Is there a sci-fi short story that really hit you? Something that struck a chord? Short stories are different from novels – they’re a snapshot of a character incident, usually punchy, usually with a twist line at the end.
I tend not to agree with ‘best of’ lists; everything has its merits and a lot rests on the way the story is received by the reader; one person’s gem might be another’s rubbish. But here are a few that impressed me – there are more, of course. Murray Leinster’s The Aliens; Asimov’s Nightfall. John Campbell’s haunting Who Goes There. The list also includes just about everything Arthur C. Clarke ever wrote. Anyhow:
Arthur Porges – The Ruum (1953)
A dramatic exploration of the psychology of being hunted and of the survival instinct; one man in the Canadian wilds tries to stay alive in the face of a remorseless alien machine.
Cyril M. Kornbluth - The Marching Morons (1951)
A biting satire on post-WW2 American values and the way power corrupts individuals.

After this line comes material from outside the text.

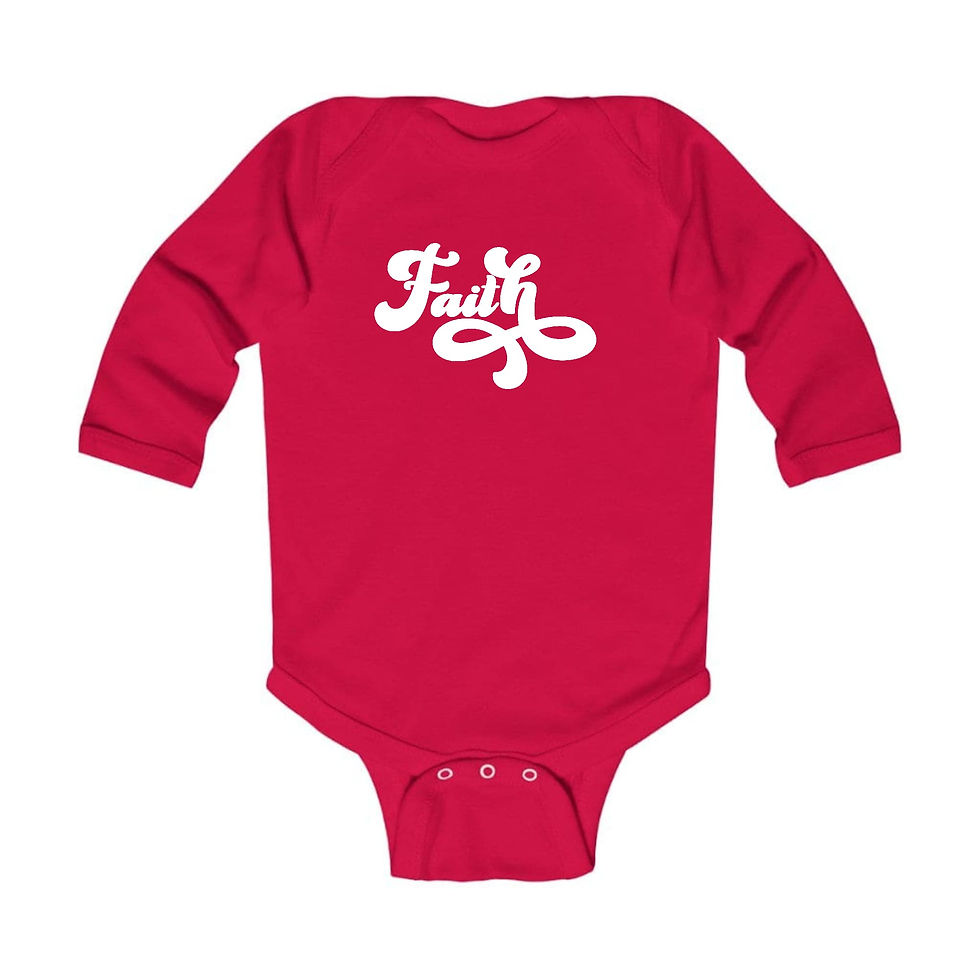 Infant Long Sleeve Graphic T-shirt - Faith Script Illustration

Still strikes chords today.
Arthur C. Clarke – The Nine Billion Names Of God (1953)
Still the best ever last line of any short story, ever – SF or otherwise.
Isaac Asimov – The Last Question (1956)
Vies with Clarke for best last line; and a provocative take on religion.
Paul Ernst – Nothing Ever Happens On The Moon (1939)
At a time when a lot of SF tended to veer towards spectacle, this tale explored the psychology of isolation.
All of them were old-ish when I first read them – yet they remain timeless. Why? Because each, in their own way, has captured some aspect of the human condition – which remains true for us today.
Has anyone else read these? What do you think of them? And – more to the point – what’s your pick? Do share!